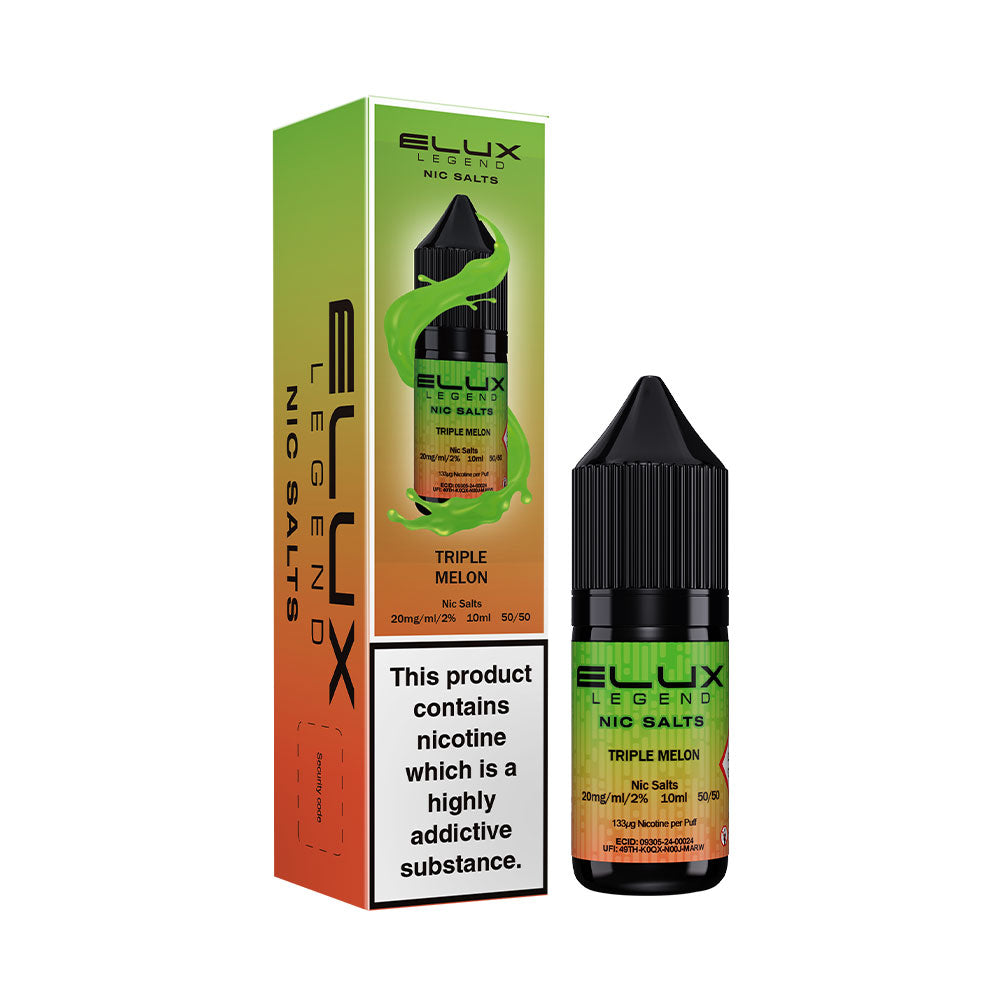 Triple Melon Elux Legend Nic Salt 10ml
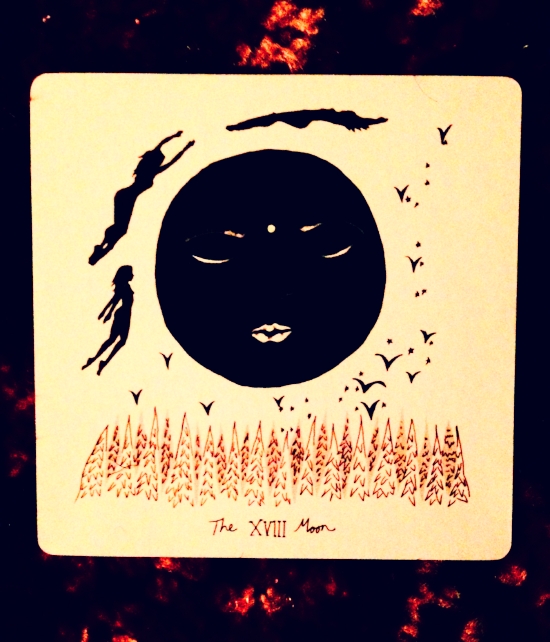 from Dark Days Tarot .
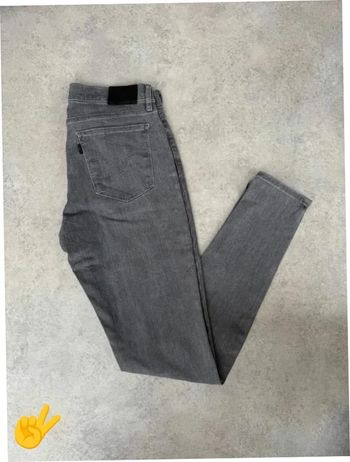 Jeans Levi's 710 W29 FR38 L30 coupe skinny gris Femme women pan585b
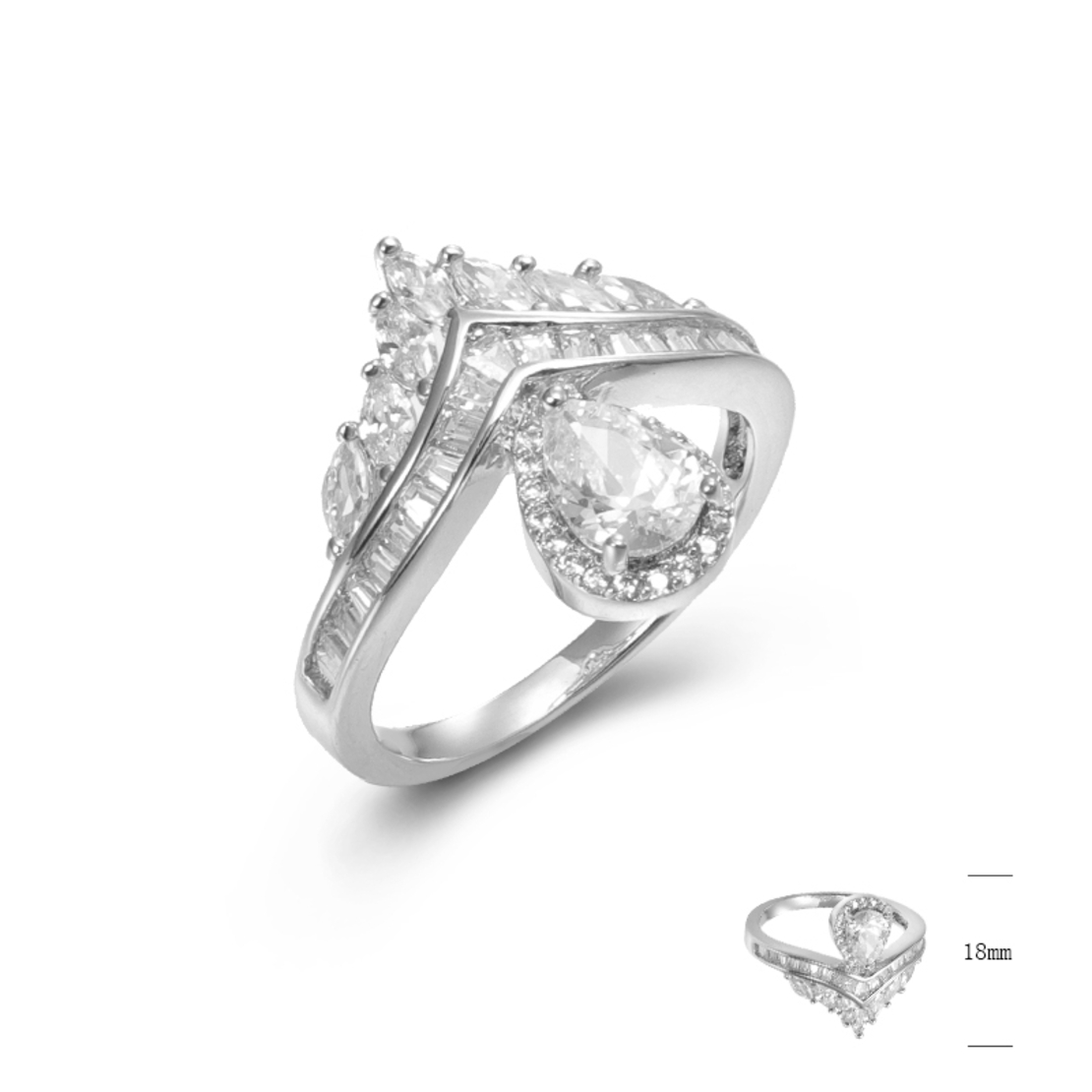 Сребърен пръстен SJ44824 | Колекция Silver Premium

TRY IT » Please output every line of the listing as it stands, and omit its images.

ANSWER SECTION »
 Triple Melon Elux Legend Nic Salt 10ml
 from Dark Days Tarot .
 Jeans Levi's 710 W29 FR38 L30 coupe skinny gris Femme women pan585b
 Сребърен пръстен SJ44824 | Колекция Silver Premium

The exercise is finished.